[What this task involves] Print the line that contains "406 Elm, Manteca, CA 95336", then every line after it until the entries end, exactly as they read; do not include pictures.

┌─ Provided material

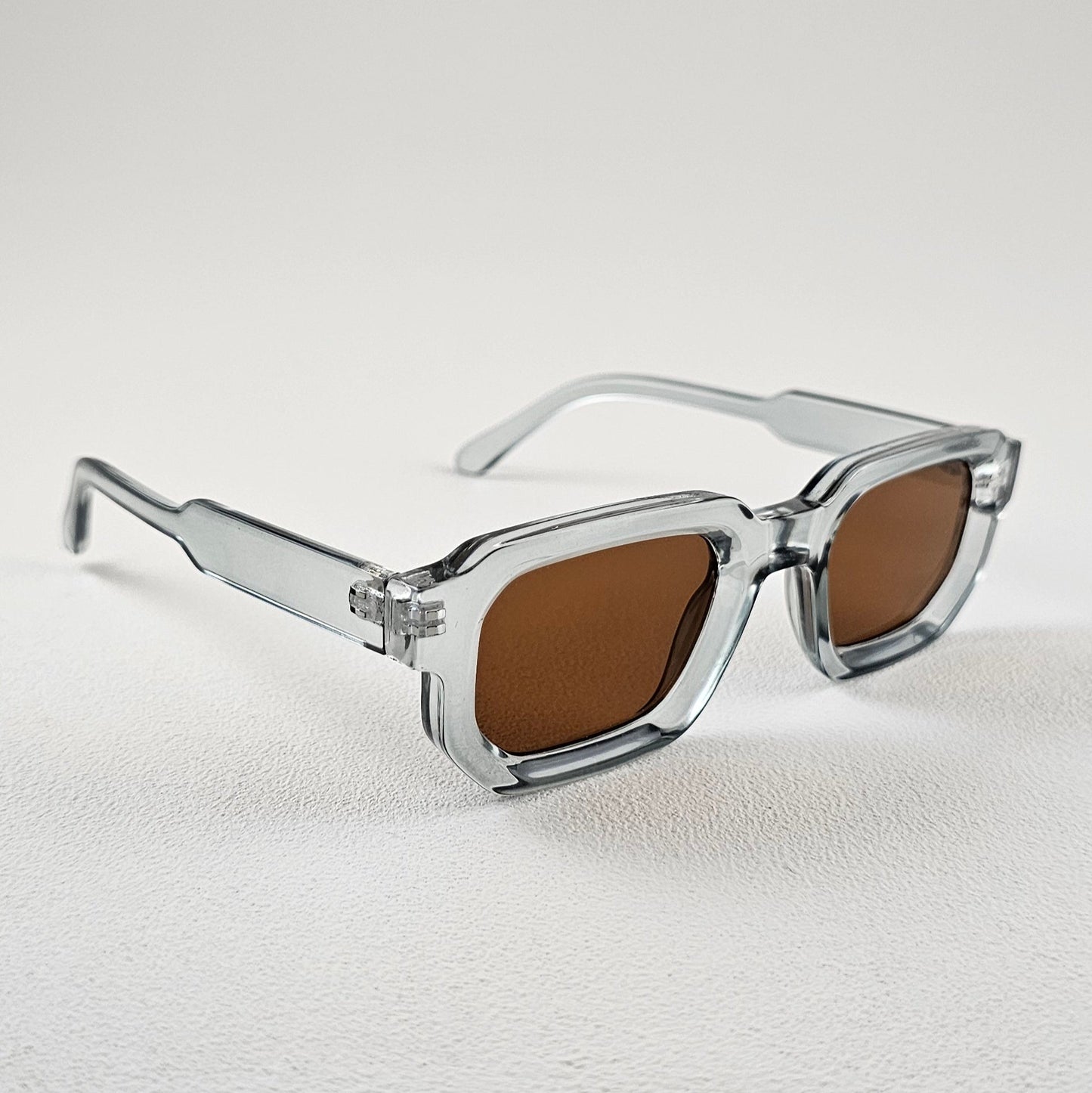 Unisex Madagaskar square sunglasses side view tortoise frame UV400 lenses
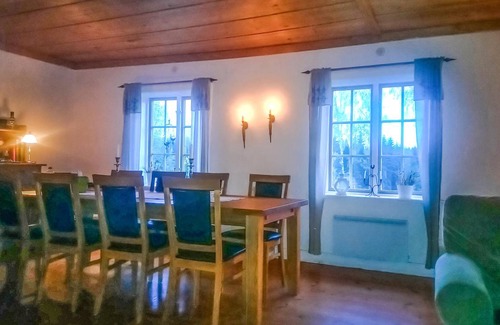 Vallsta House | 200 m² House ∙ 5 bedrooms ∙ 8 guests
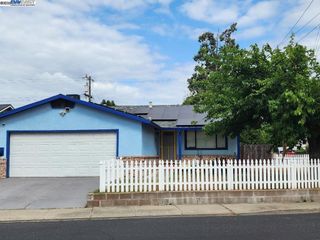 406 Elm, Manteca, CA 95336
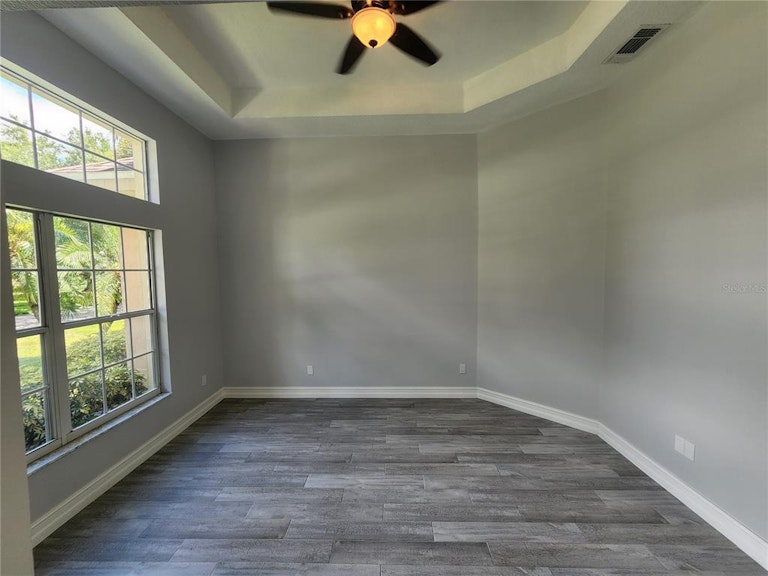 Photo 11 of 41 - 10095 Brandon Cir, Orlando, FL 32836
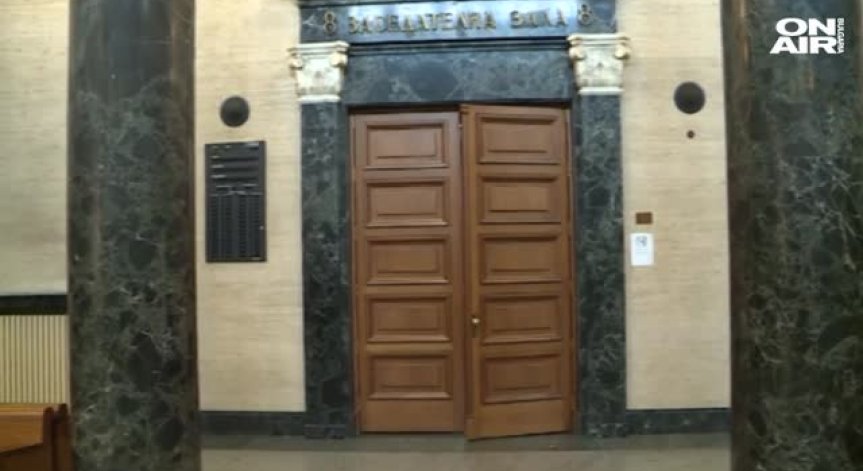 Ултрасът, уцелил с бомбичка полицайка, остава в ареста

└─

[Answer to this task]
 406 Elm, Manteca, CA 95336
 Photo 11 of 41 - 10095 Brandon Cir, Orlando, FL 32836
 Ултрасът, уцелил с бомбичка полицайка, остава в ареста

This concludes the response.